Neither of us spoke. The dull, aching weight of grief tugged at us both as he walked me toward his cabin—our cabin—and sat me down in his desk chair. I was shivering, but I wasn’t cold. Not on the outside. On the inside, something had changed. My soul had cracked and a sharp chill was working its way around my heart like Lyla’s cold fingers were still inside me, mocking.

“Look at me,” Vidar said, lifting my chin with his knuckle.

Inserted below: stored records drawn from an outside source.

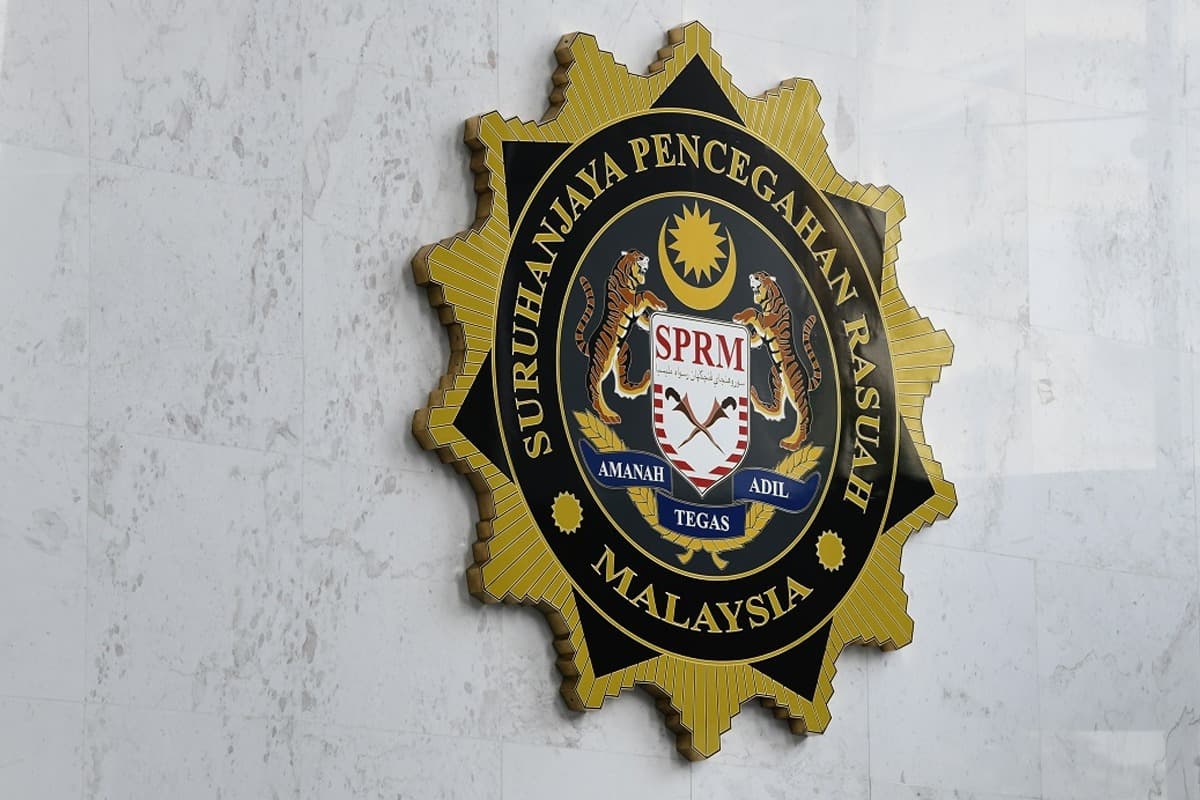 main news image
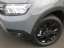 Dacia Duster 4WD Extreme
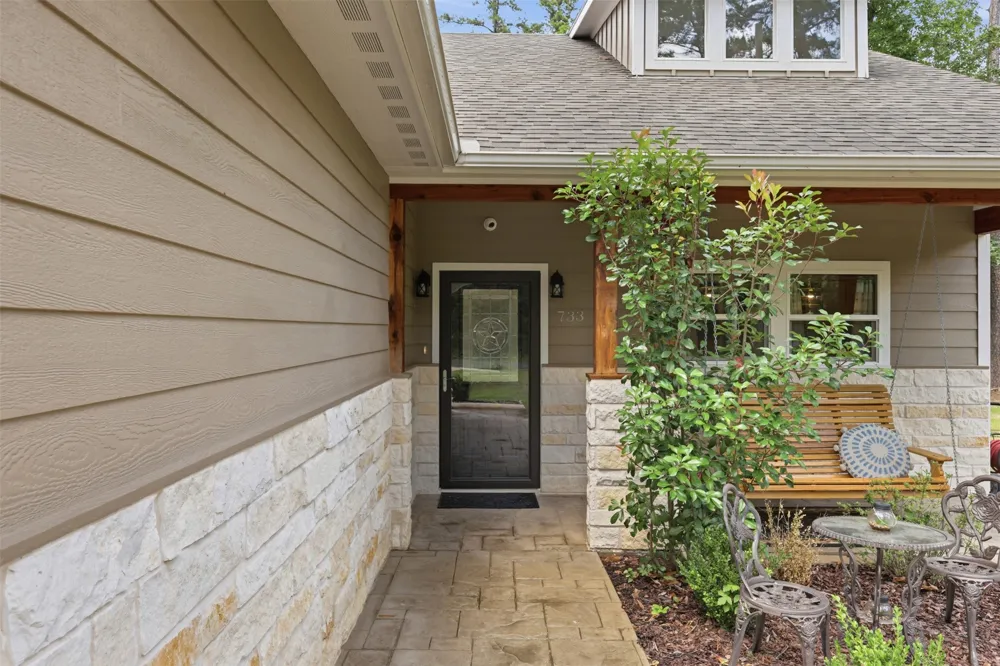 733 King Arthur Ct Scroggins, TX 75480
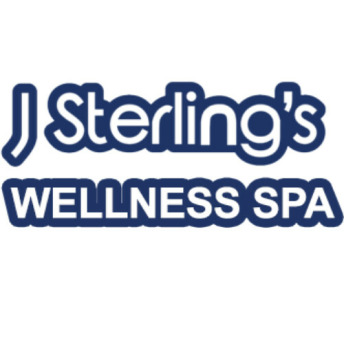 Sterling Wellness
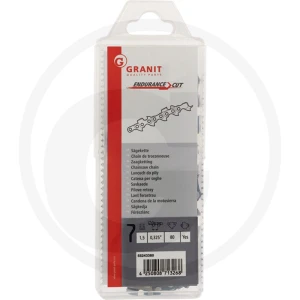 GRANIT Endurance Cut Łańcuch tnący 55243380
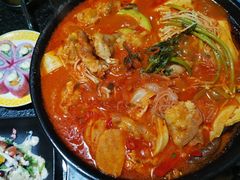 -福田居酒屋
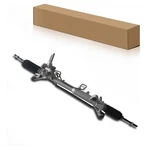 Power Steering Rack & Pinion Assembly For 2007-2015 Mazda CX-9 26-2057 3.7L. Fixed Price $260.01.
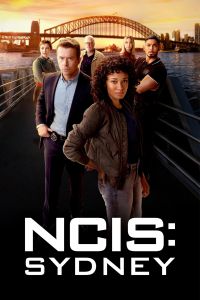 NCIS: Sydney الموسم 2 الحلقة 7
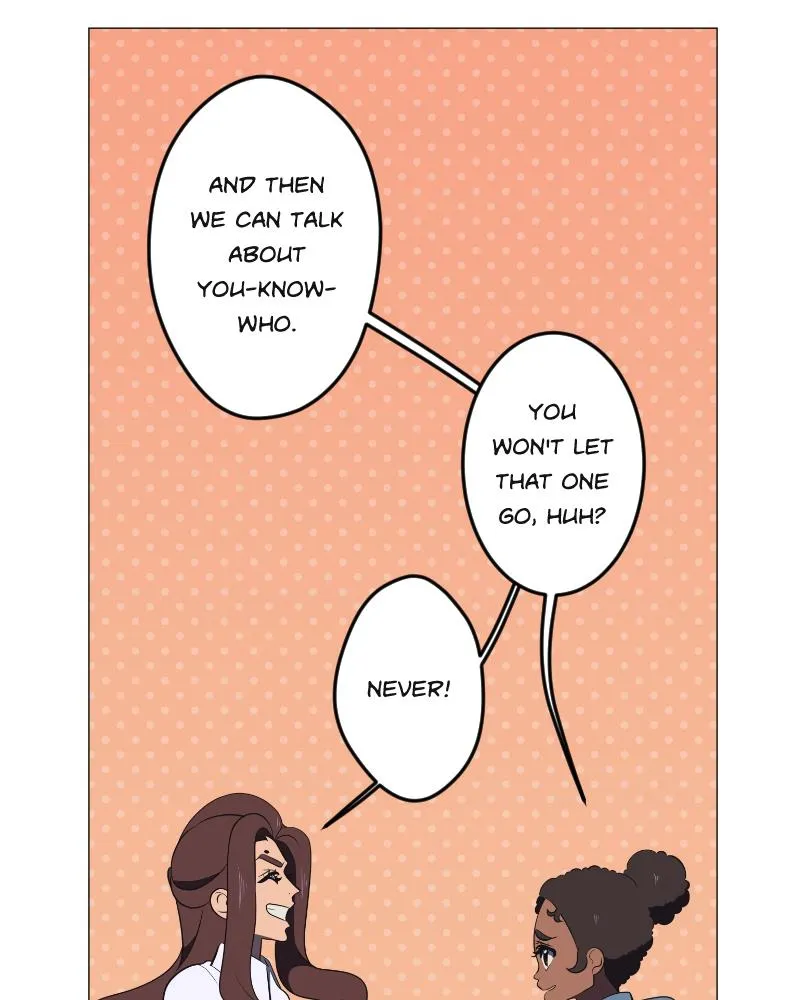 LUFF Chapter 39 page 16 -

He moved my head from side to side as if searching for injuries. Then he spread the sheet he’d wrapped me in, running his hands over my legs. My arms. When he found the tear in my shirt where Lyla had driven her fingers into my ribs, he paused, lifting the fabric away to assess the damage. Before saying anything, he was at his trunk, pulling out rags and a bottle of alcohol. He set everything down on his desk and almost frustratingly pulled off hisjacket, dropping it on the floor. When he crouched down in front of me, I could see he was avoiding my eyes and it stung for some reason.

“Vidar,” I said.

He acted as if he didn’t hear me and pressed the alcohol soaked cloth over my wound.

“Vidar, I will heal.”

Still, he said nothing. He just kept working with more determined, focused strokes, cleaning the blood away. Outside, I knew Gus was still lying dead. When the image of him being swarmed by sirens flashed before me, I gripped the sides of the chair, nearly splintering the wood.